Most of the remaining work will focus on fleshing out content. I am trying to limit each post to between seven hundred and a thousand words. Reading through each individual post should have a minimal time commitment, so that classrooms have enough time to do activities. Even a thousand words is probably pushing the envelope. There are sixteen remaining segments to the documents. So, theoretically, there’s about sixteen-thousand words left to write. I think that qualifies as a novella. The further reading page needs greatly expanded as well. The hope is to have at least three works for every topic of study, a mini historiography that includes diverse representations of scholars and helps flesh out the narrative I am presenting. The website will be largely top-down in its approach, which is not my preferred method. Since the website is offering a wide narrative, I can use the further reading page to present some depth. The page that introduces the document now has a better introduction to the project, but I’d like to refine it more as work continues, if only to update readers on current progress.

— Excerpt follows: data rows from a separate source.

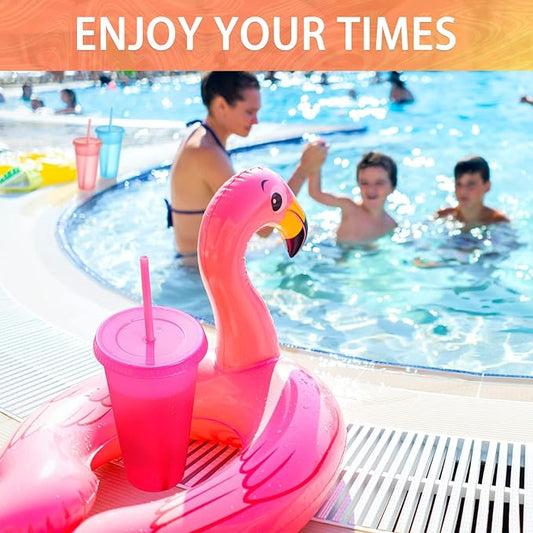 Honeydak 30 Pack Tumbler with Straw and Lid Bulk Glitter Plastic Cups Water Bottle Iced Coffee Travel Mug Reusable Party Favor Cups for Birthdays travel 24-27 oz (Multicolor)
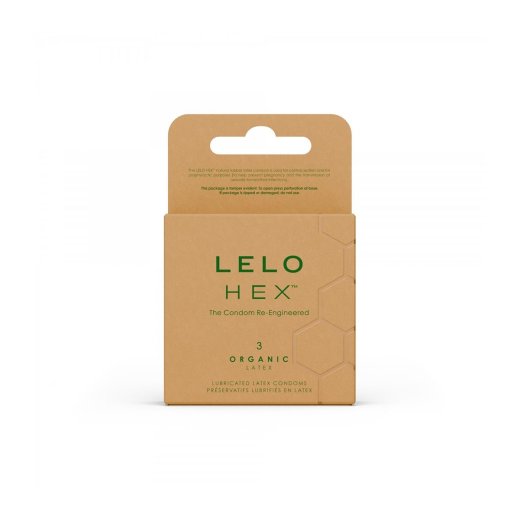 LELO Hex Organic Latex Kondome 3 Stk.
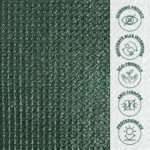 Telo frangivista in HDPE verde con fascette - immagine 2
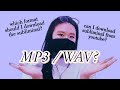 MP3 vs WAV: Which format should I download subliminals?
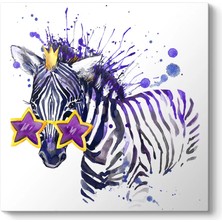 Queen Zebra Kanvas Tablo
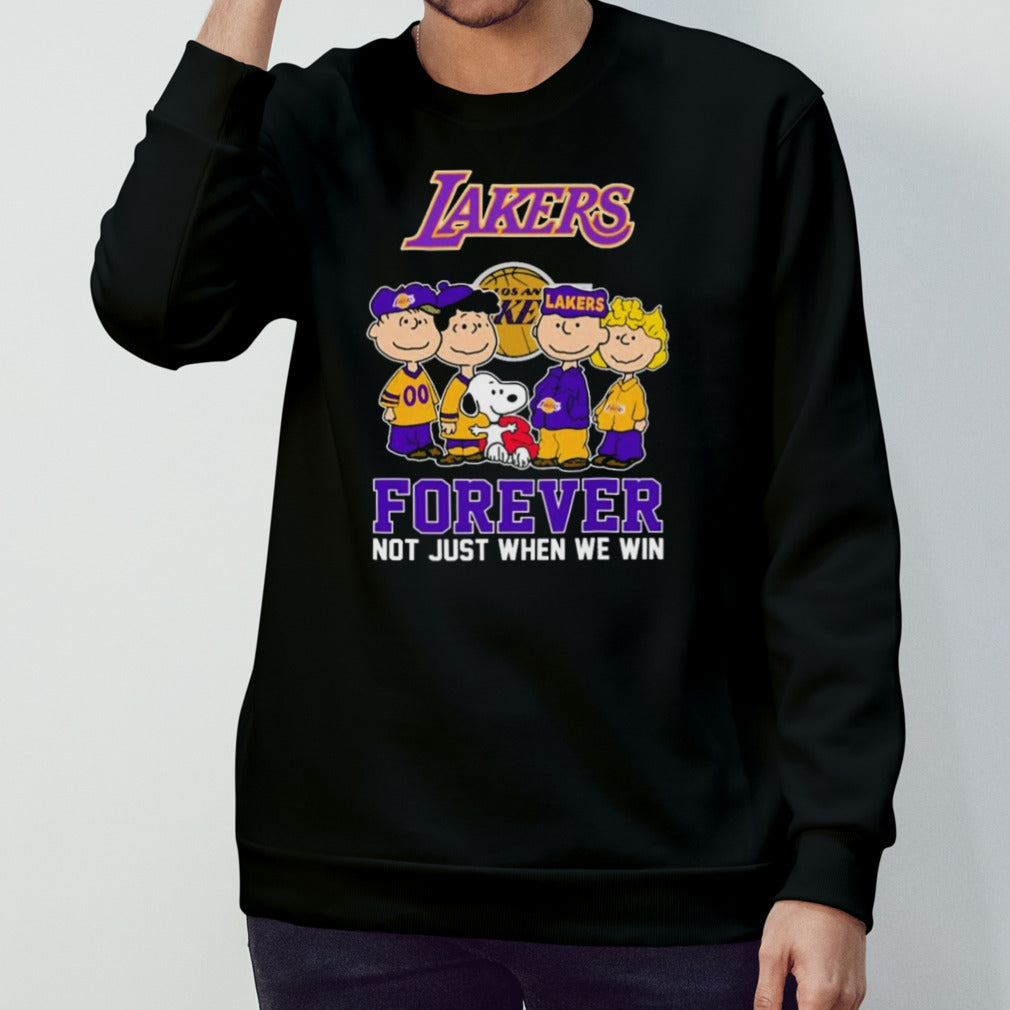 Los Angeles Lakers X Peanuts Movie Characters Forever Not Just When We Win Shirts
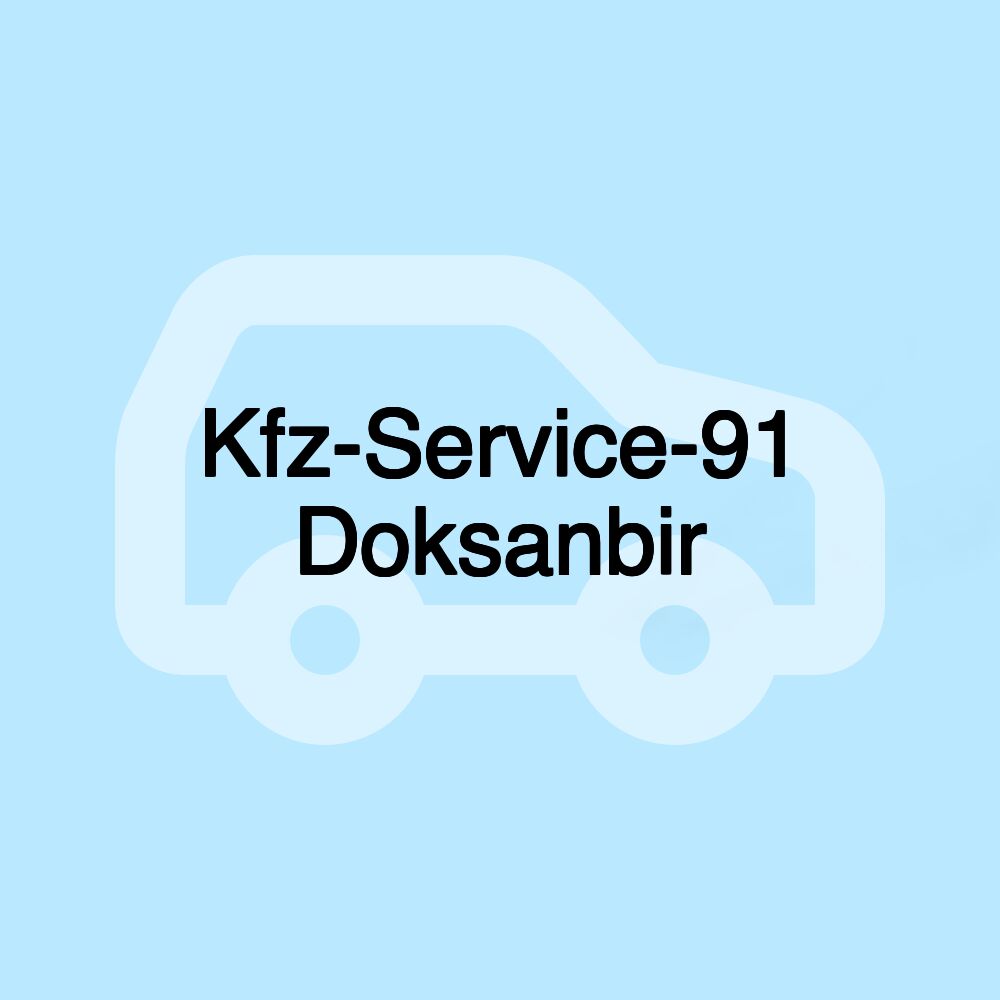 Kfz-Service-91 Doksanbir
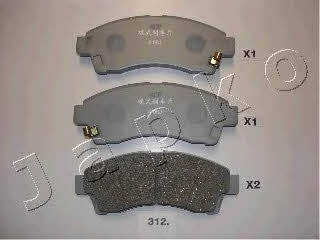 Japko 50312 Brake Pad Set, disc brake 50312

There is a lot of technical work remaining as well. First, the site needs repurposed entirely to present the stories on stable pages instead of posts. This will provide a much better structure to the website and ease the process of exploration. It’s also difficult to continually refer to the artifact in writing, especially as the cropped image for each segment is presented at the top of the page. I could simply copy and paste the image several times throughout the story for readers to refer to, but it would be better if the image could float down the page with them, focusing more on the image in a dynamic way that would make it so readers didn’t have to scroll up to reengage throughout the narrative. This is a technical challenge that will be approached more fully after the content is developed in an initial, but compete, draft.
Connections
One of the most intriguing projects we looked at in class was the now defunct History Wired site run by the Smithsonian. I have expressed this often in class, but digital space has a great potential for exploration and community-creation. History Wired had a sense of exploration, and by determining the size of clickable links by popularity, sort of created a sense of community. I’ve kept the potential of that project in mind the entire time I’ve been working on River of Parties, encouraged by working so closely with a Smithsonian artifact. I want to create a space where students can explore and be entertained. As a historian I have a ton of fun engaging with history and with others about history, and its so common to see kids (and adults) complain that history is boring. But it doesn’t need to be; whether you’re telling a darkly hilarious story about the Aztec prince who served his wife to his father-in-law or comparing Revolutionary War slogans to internet memes. Maintaining a sense of discovery and fun will be a constant challenge throughout the project, but so will trying to foster a sense of community. This can be done through comments on the site itself, but I may disable those. The website is primarily intended to be a group activity for students, and only secondarily a place for bored adults to peruse. The students themselves will be able to share stories and learn together outside of a textbook or ten-year-old notes the teacher puts on the projector.
I’m so excited to continue working on this project and looking forward to developing and refining it over the summer and fall. The ultimate vision for this project is much more expensive and technically demanding, either as a more functional website or as an interactive digital exhibit, and hopefully a working model like this can help explore those possibilities in the future.